Most of us have lived something like that, even if we did not have that name for it.
The difficulty is that we want to rush past it. We want the emergence without the dissolving. We want clarity before the confusion has finished doing whatever confusion is actually supposed to do. One of the things I have noticed, both in my own experience and in the conversations I have had with people whose lives looked successful from a distance, is that the pressure to produce and perform does not leave much room for necessary dissolution. We fill the chrysalis with activity. We schedule it and optimize it and measure it, which is a very efficient way of never actually entering it.
Patience, in this context, is not a virtue in the usual sense. It is more like a willingness to let the process take the time it requires without declaring it failure because it is taking longer than expected. The caterpillar does not panic inside the chrysalis. It does not demand a timeline or produce evidence of progress. There is a kind of trust that operates in the dark, and I have found that some of the most important movement in my own life has happened in seasons that looked, from the outside, like stagnation.

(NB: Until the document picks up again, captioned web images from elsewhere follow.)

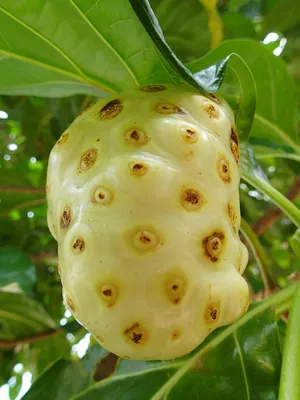One Ripe Noni Fruit Wallpaper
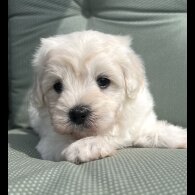 Maltipoo - Dogs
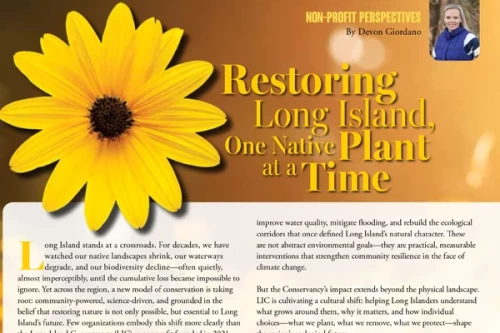 Restoring Long Island, One Native Plant at a Time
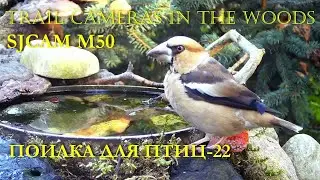 ПОИЛКА ДЛЯ ПТИЦ -22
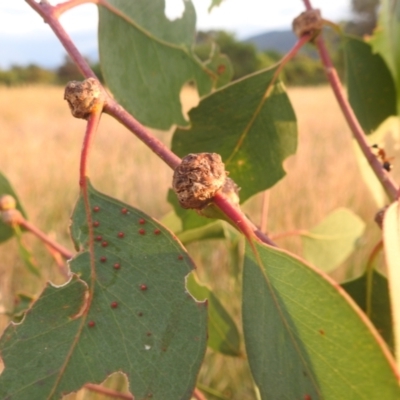 Unidentified Eucalyptus Gall at Lions Youth Haven - Westwood Farm A.C.T. - 8 Mar 2024 by HelenCross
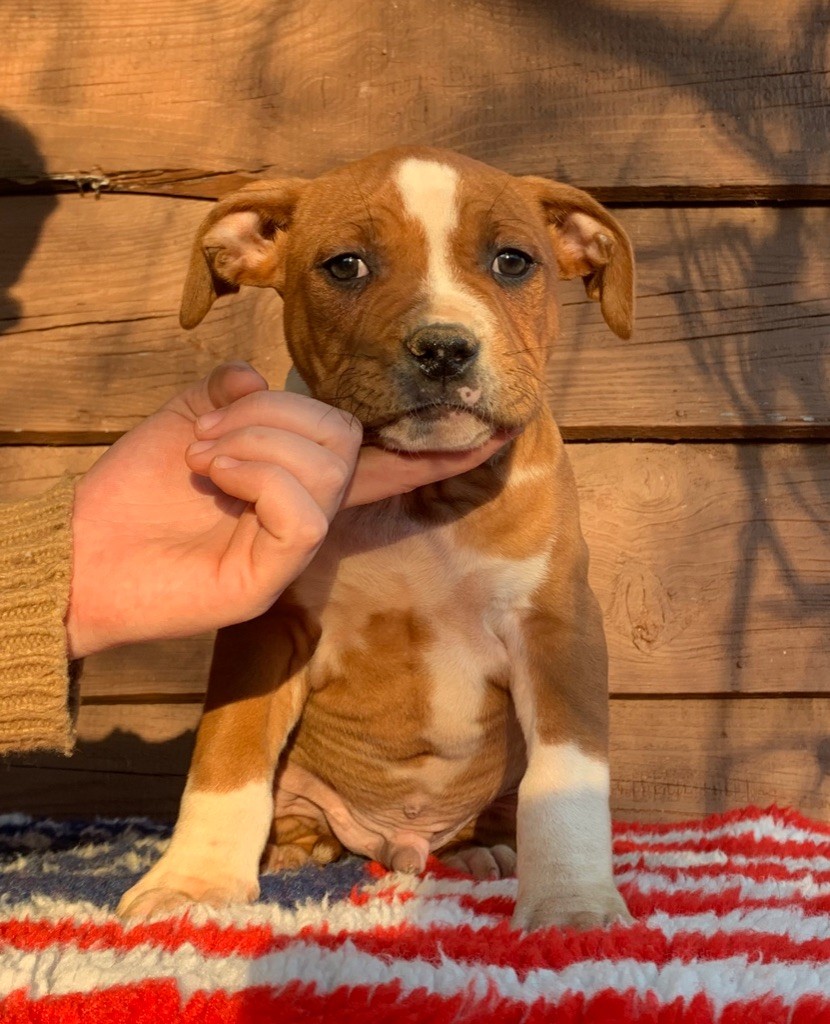 Du Clan Vincenzo - American Staffordshire Terrier - Portée née le 13/11/2019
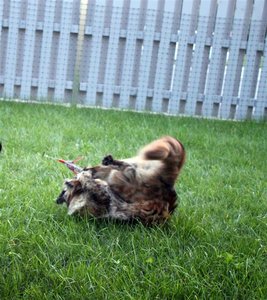 lolihaufen (Large).JPG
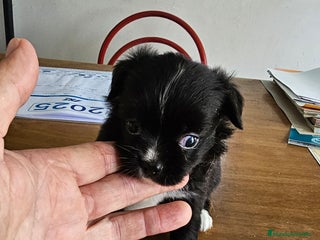 Chihuahua perros - Anuncio 10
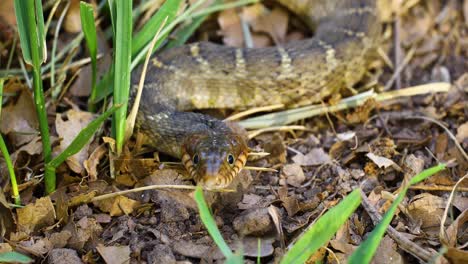 Closeup-static-video-of-an-adult-Plain-Bellied-Water-Snake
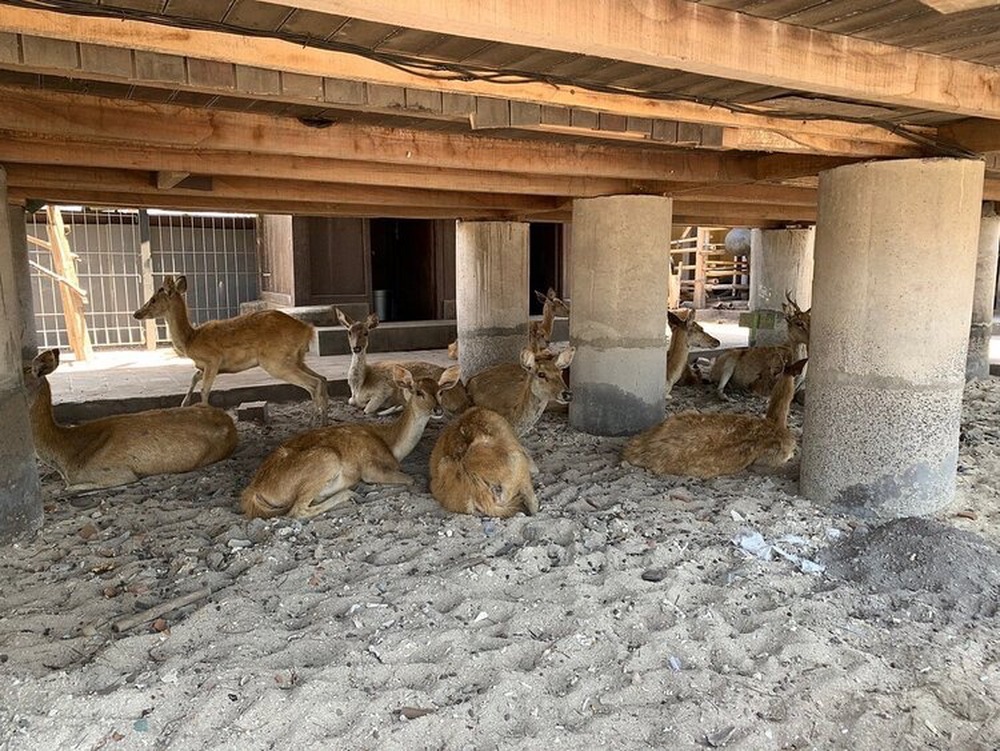 Cerfs en liberté - Menjangan Island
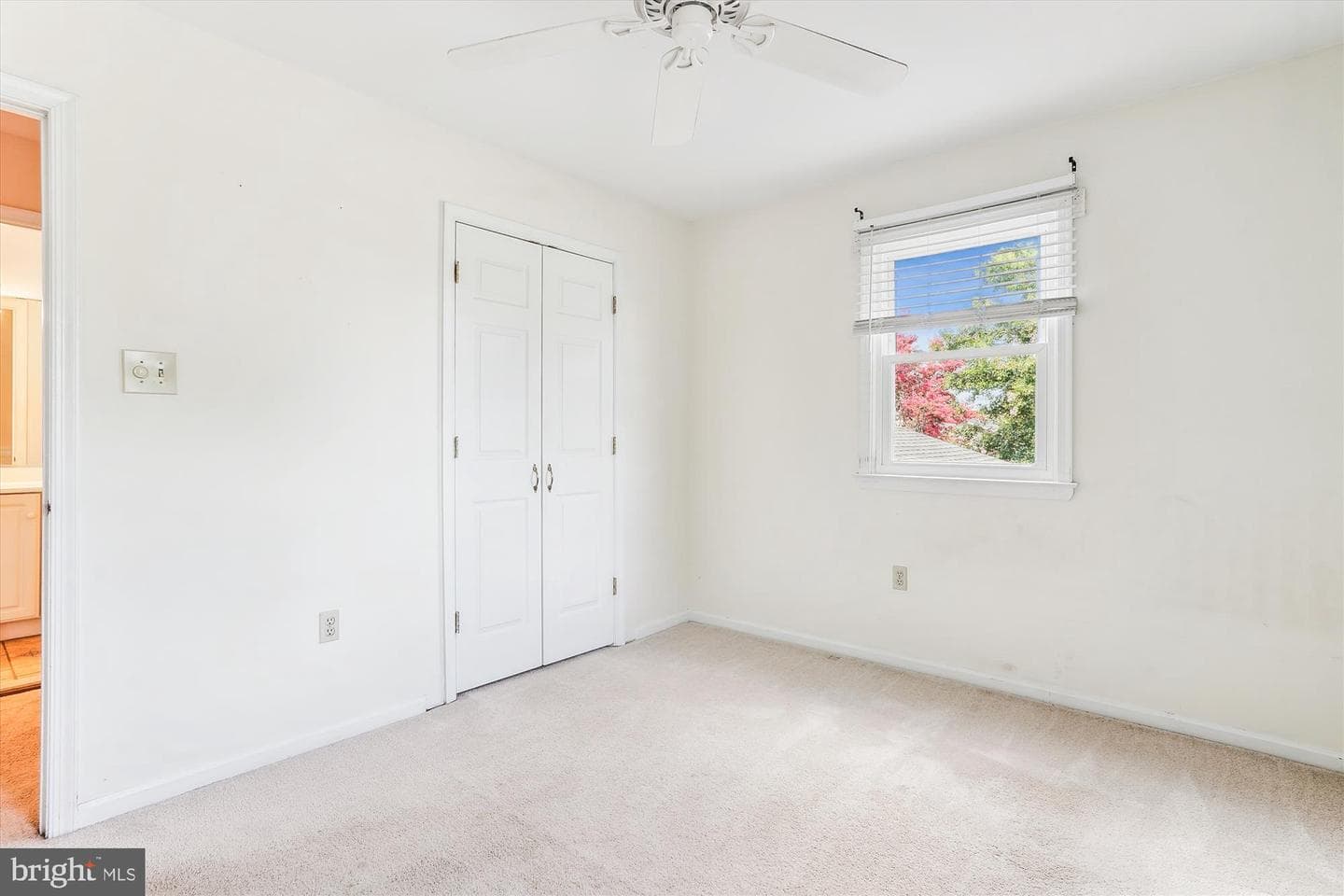4219 High Ridge Road photo 29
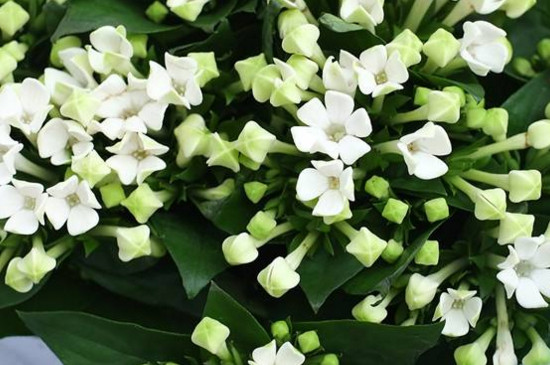 寒丁子花的养护方法 财经头条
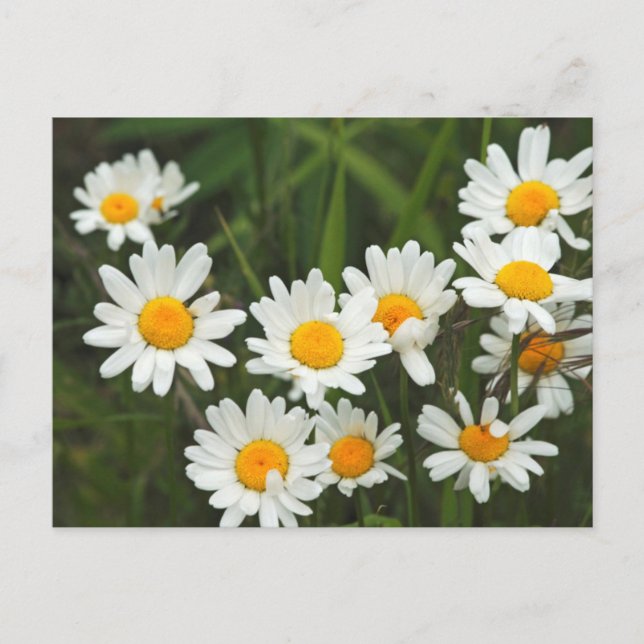 Carte Postale États-Unis, Washington, Seattle, Puget Sound 3 (Devant)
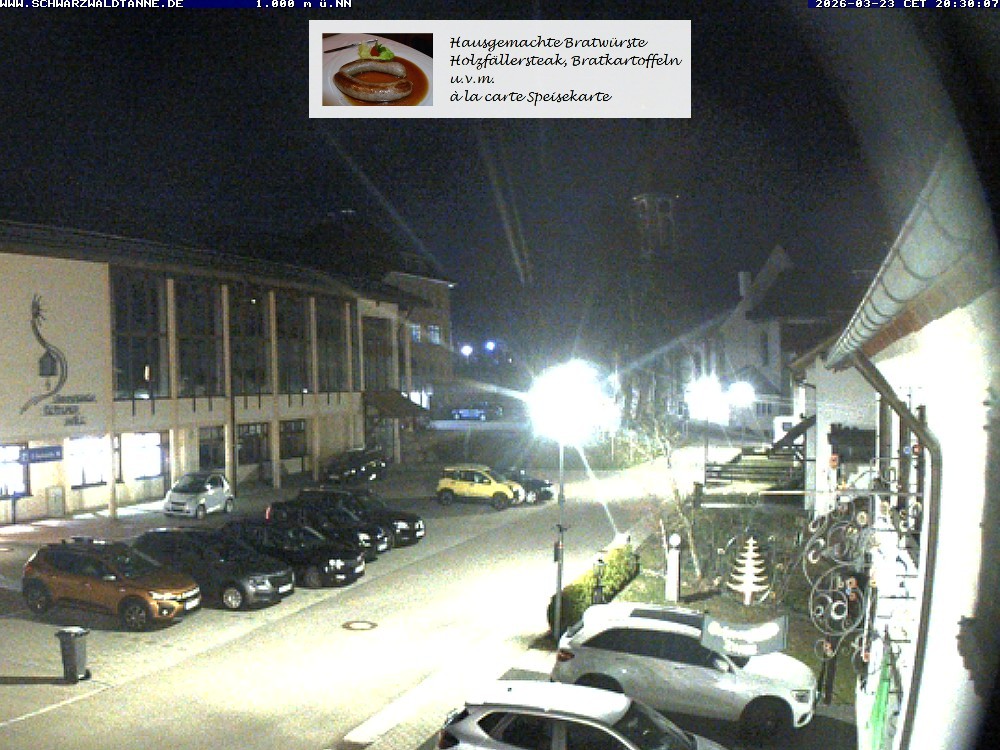 Archived image Webcam View from Guesthouse "Schwarzwaldtanne"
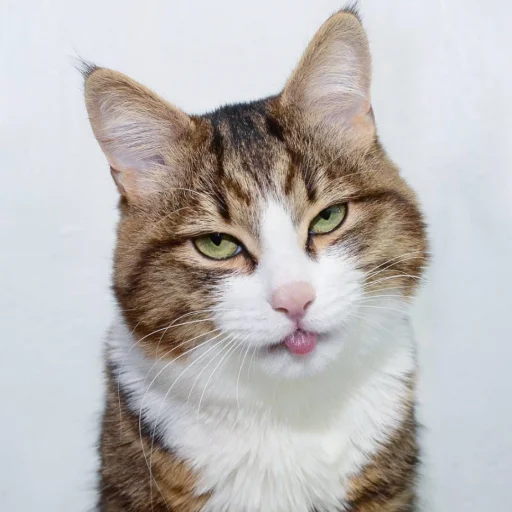 😐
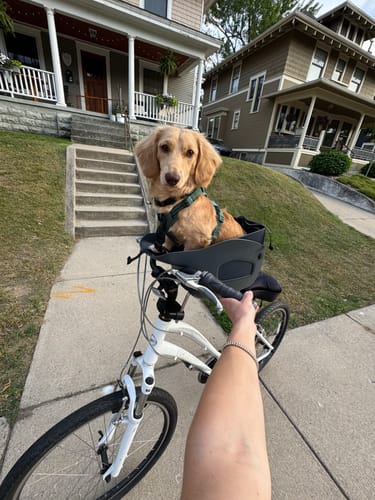 Customer photo review of Kvisp Dog Bike Carrier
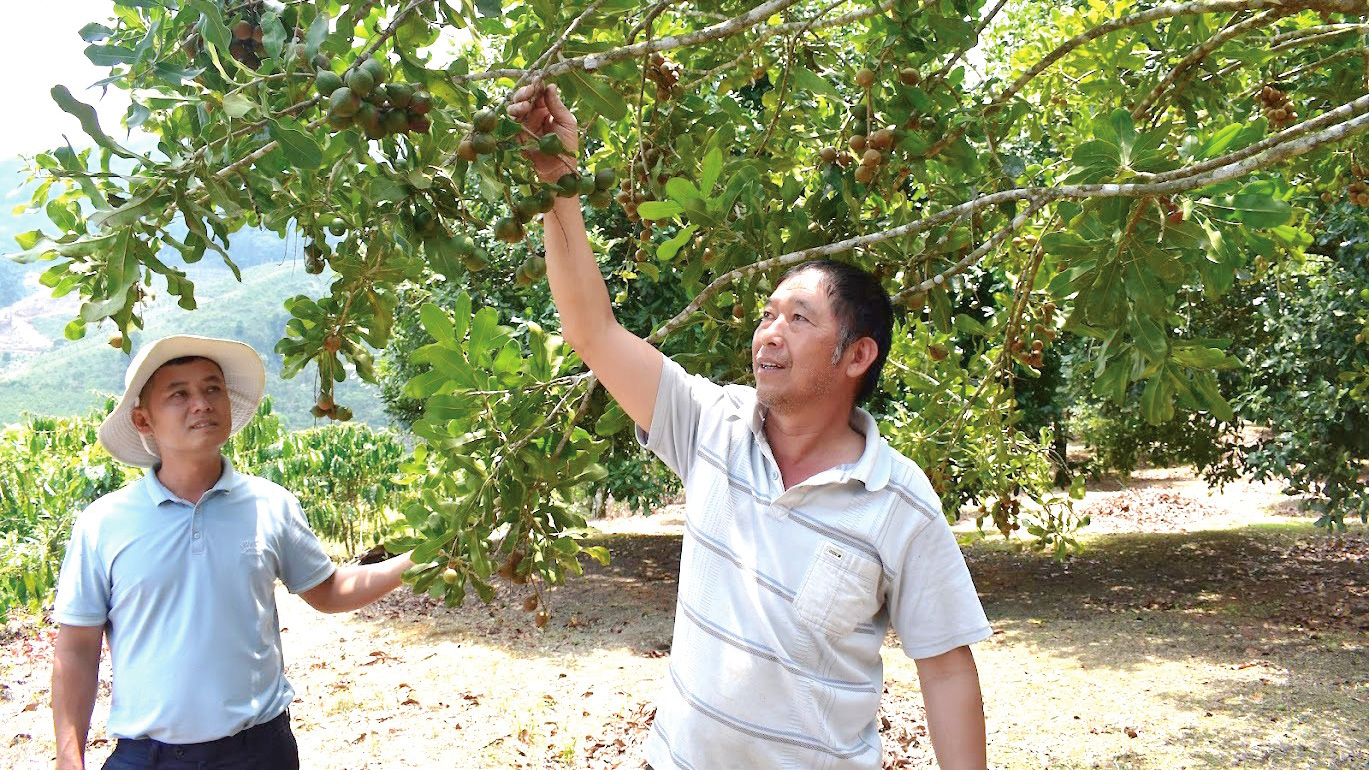 Đam Rông hướng đến 3 tiểu vùng phát triển kinh tế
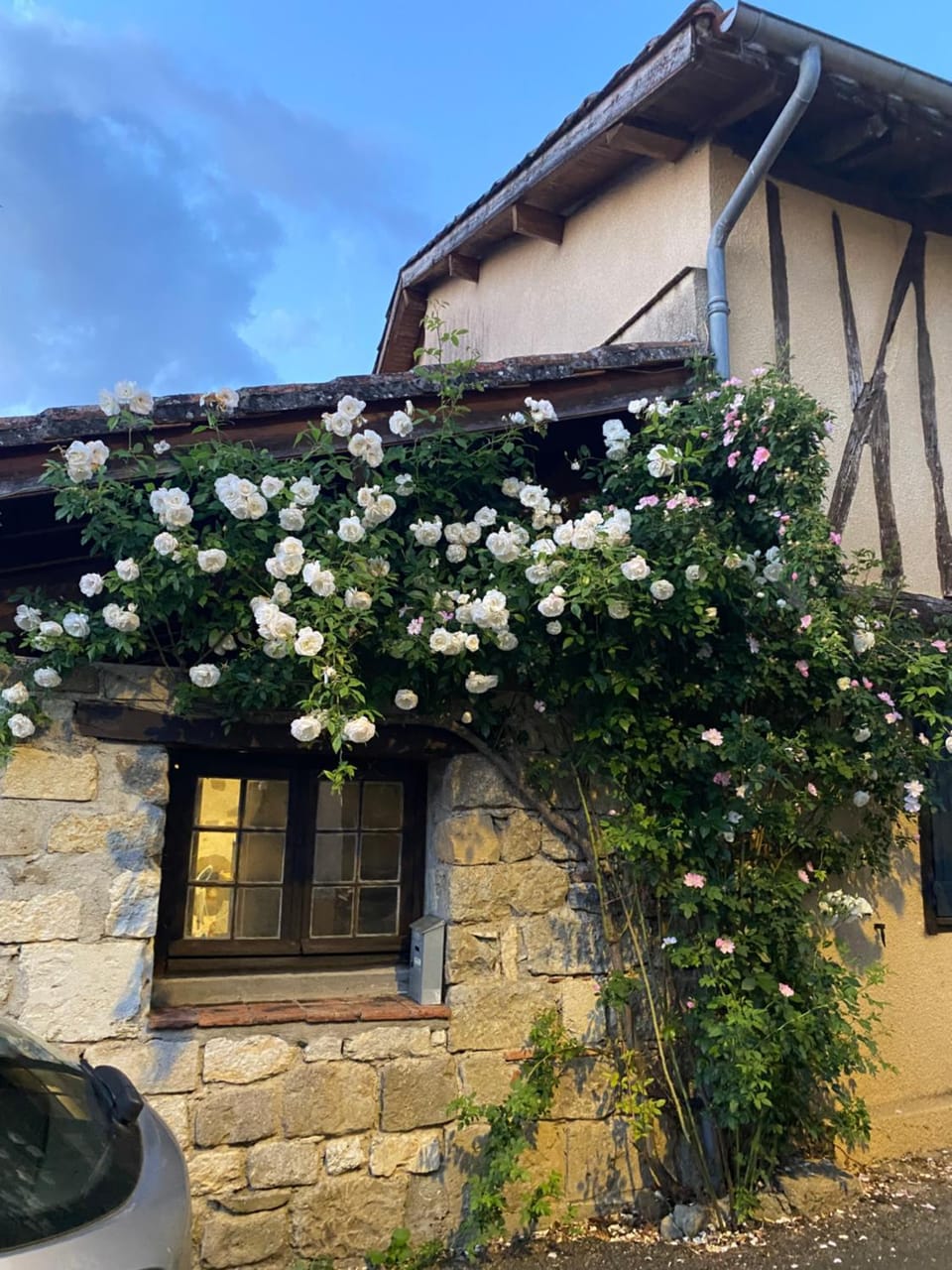 Property building, Spring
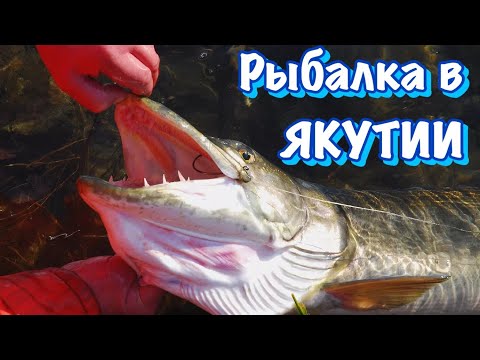 Видео: Ловля ТРОФЕЙНОЙ ЩУКИ на спиннинг  🎣 Рыбалка на реке Лена 🏕 Удачная Рыбалка в Якутии 🦟=❤️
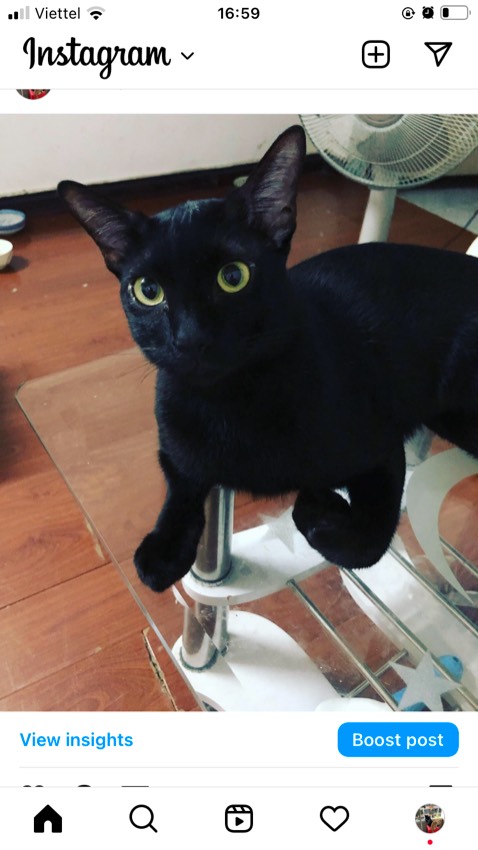 Sách hay, nội dung hấp dẫn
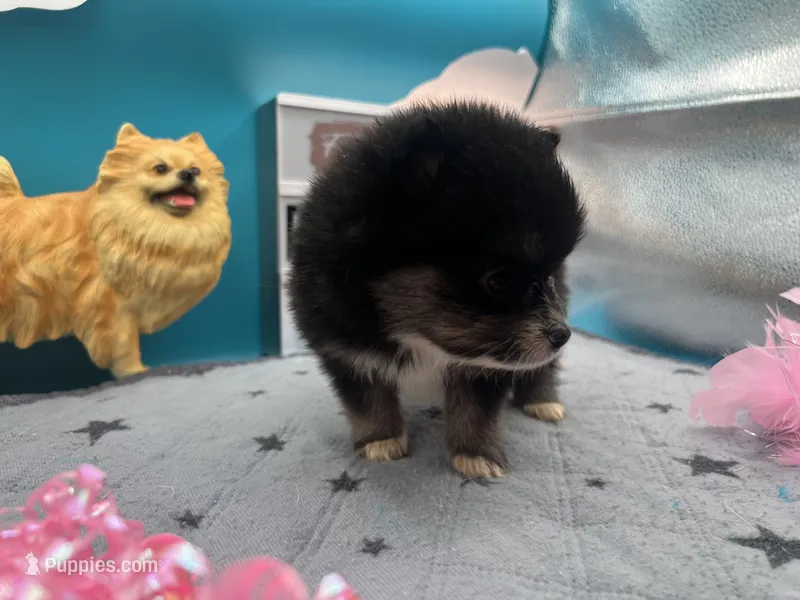 Black and white female (Cinderella mom) – Pomeranian puppy for sale in Columbus, MS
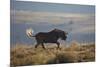 Black Wildebeest (White-Tailed Gnu) (Connochaetes Gnou) Running-James Hager-Mounted Photographic Print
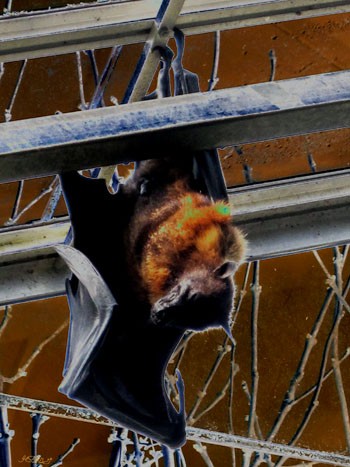 Sleeping Bat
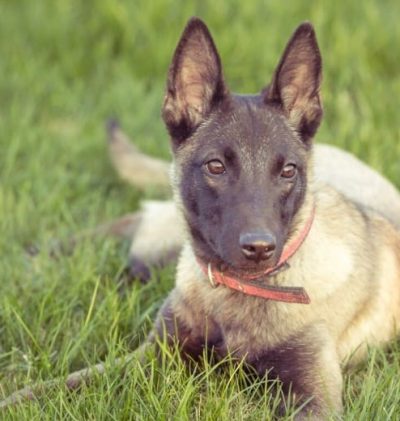 Pastor belga Malinois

What makes the return possible, as best I can see it, is not effort in the direction we are used to applying it. It is something closer to release. The setting down of what was never quite ours to begin with: the expectations inherited before we had the language to question them, the versions of ourselves built for someone else’s approval, the quiet exhaustion of performing competence in rooms where we felt, underneath it all, that we had not yet earned the right to simply be present.